Der Hayame macht nie freiwillig Urlaub, Ferien, Krank oder würde jemals – aus welchem Grund auch immer – seinen Dienst quittieren; es sein denn der japanische Kaiser oder Soichiro Honda persönlich befehlen ihm bei seiner Ehre die Durchführung eines Seppuku, wobei das Verbot dieser Zeremonie älter ist, als der erste 2-rädrige Reiskocher was uns wieder zu dem Punkt führt, dass der Hayame niemals seinen Dienst einstellt. Sein einziger natürlicher Feind ist der Hobbyschrauber gegen den bekanntlich kein Kraut gewachsen ist.
Er ist der Inbegriff von Schnelligkeit und Ausdauer und leistet erheblich mehr, als es für die winzigen Kölbchen möglich erscheint. Wenn du mit deiner Nipponorgel morgens auf dem Dach des Himalaya aufwachst, weißt du ganz genau, dass du am nächsten Morgen schon auf dem K2 sein kannst und während der kleine Japaner im Kurbelgehäuse die Kolben auf Schallgeschwindigkeit bringt, stellen sich die Nackenhaare auf.

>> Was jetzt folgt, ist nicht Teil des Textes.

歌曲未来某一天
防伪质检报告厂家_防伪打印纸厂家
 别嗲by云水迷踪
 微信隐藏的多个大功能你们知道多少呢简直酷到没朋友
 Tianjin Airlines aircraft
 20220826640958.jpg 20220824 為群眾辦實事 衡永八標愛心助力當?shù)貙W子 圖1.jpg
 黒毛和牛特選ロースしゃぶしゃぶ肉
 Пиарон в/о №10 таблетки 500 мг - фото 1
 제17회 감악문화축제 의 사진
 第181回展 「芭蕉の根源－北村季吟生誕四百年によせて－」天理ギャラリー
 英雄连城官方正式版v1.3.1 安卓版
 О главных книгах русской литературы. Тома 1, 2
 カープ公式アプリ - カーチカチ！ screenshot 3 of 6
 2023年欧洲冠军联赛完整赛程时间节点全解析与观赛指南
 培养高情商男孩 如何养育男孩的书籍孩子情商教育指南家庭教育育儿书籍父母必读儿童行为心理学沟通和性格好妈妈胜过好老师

Charakter als Ausdruck der Vollkommenheit. Aber wollen wir das? Wie auch immer, jetzt wisst ihr wie das wirklich mit dem Charakter eines Motors funktioniert. Und mir fällt jetzt mindestens einer ein, der sich beim Lesen dieser Zeilen fragt, wer denn dann in seiner desmodromischen Italienerin hockt und drischt, aber leider kann ich da nur mit einem sehr großen Augenzwinkern sagen: Chronische Bronchitis zählt nicht als Charakter, das gehört behandelt!
Vielleicht definiert sich der Charakter des Motorrads aber nur über das Abbild des eigenen Charakters? Darüber habe ich aber noch nie nachgedacht. Ich fahre lieber…
Heute mal mit der Peitsche in der rechten Hand zum Gruß!